Di fronte al jobs act non basta la mediazione sindacale classica. I processi di sfruttamento non investono esclusivamente il posto di lavoro, ma si estendono alla vita in generale e al suo dispiegarsi in una società sempre più attraversata da dispositivi di sussunzione e di messa a valore delle capacità cognitive e di neutralizzazione delle possibilità di relazione. Eppure oggi c’è una generazione che preme alle porte del mondo, è una generazione altamente scolarizzata, composta di giovani in grado di reinventarsi continuamente nei contesti lavorativi a più alto tasso di ricattabilità, disposta ad attraversare lunghi periodi di disoccupazione e a resistere a una società in cui è sempre più difficile trovare spazi di cittadinanza. Il neoliberismo conosce benissimo le capacità di questo soggetto così frammentato ed eterogeneo e isola ogni singolo individuo costruendo percorsi differenziati di sfruttamento e alienazione che impediscono la socializzazione del disagio e la costruzione collettiva di percorsi di messa in discussione dei rapporti di produzione.

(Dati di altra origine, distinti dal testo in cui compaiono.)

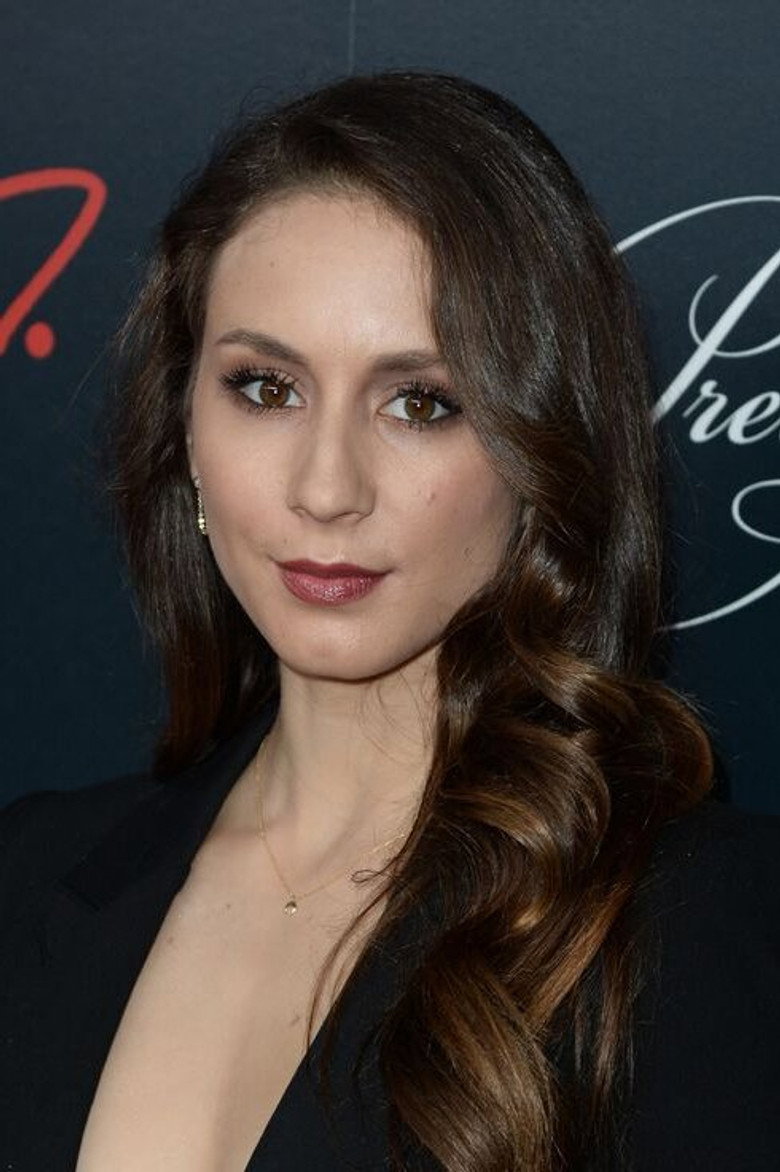 Troian Bellisario photo 3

Lo sciopero sociale è un momento di rottura, è l’inizio di un percorso di riappropriazione. In un momento in cui la vita stessa è messa a lavoro e il prodotto di una moltitudine precaria caratterizzata da grandi capacità creative è funzionale ad un sistema che non riconosce neanche la cittadinanza sociale dei singoli individui, questi incrociano le braccia e si riprendono il loro tempo. Non è lo sciopero classico, contro il padrone nel posto di lavoro, che detta le condizioni comuni dello sfruttamento costruendo contemporaneamente il proprio nemico. È uno sciopero meticcio, variegato, eterogeneo, che comprende precari, lavoratori della conoscenza, studenti, migranti, lavoratori autonomi a partita iva ecc.

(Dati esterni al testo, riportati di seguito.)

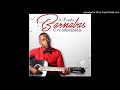 Barnabas "Ke Modiomo Sione"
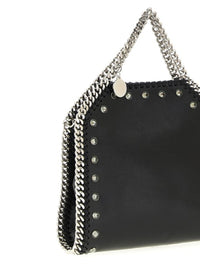 STELLA MCCARTNEY Stella Mccartney Women Falabella Tiny Bag Crackle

In Italia si sta costruendo un soggetto indisponibile al ricatto, che non fa distinzione fra lavoratori e disoccupati, cittadini e migranti, ma che non appiana le differenze in un soggetto astratto. Lo sciopero sociale parte proprio da questa eterogeneità, che è per il capitale finanziario una risorsa ma al contempo la più grande minaccia alla sua stabilità. Perché è questo soggetto quello che produce, quello che ha il più alto potenziale creativo, il vero motore del capitalismo cognitivo. Il Jobs act, anziché porre davvero la questione del mutamento del modello di produzione, della necessità di valorizzare le funzioni cognitive e di investire su questa generazione, ha degradato in forme ancor più mortifere il lavoro che c’è condannando tutti a inseguire posti di fortuna, dove per tre mesi si darà il meglio di sè con l’acqua alla gola, per poi essere nuovamente risucchiati nelle mille peripezie della vita al tempo della precarietà.

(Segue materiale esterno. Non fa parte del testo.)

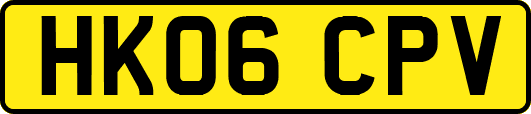 HK06CPV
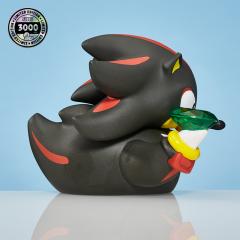 Tubbz Shadow Cosplaying Duck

C’è un mondo di vita, di emozioni, di capacità e di continua riproduzione di valori e significati che batte alle porte del mondo e che vuole dirsi in tutte le forme del vivere sociale. È un’energia che rompe le gabbie della precarietà, che non è più contenuta dalle maglie dei ricatti e della sopravvivenza, che vuole attraversare il mondo, lo vuole riempire di passioni e di ciò che sa fare. Perché il futuro non è più arrestabile ed è questa la temporalità in cui viaggia una generazione che venerdì inizia a riprendersi tutto. Il 14 Novembre è il giorno dello sciopero sociale.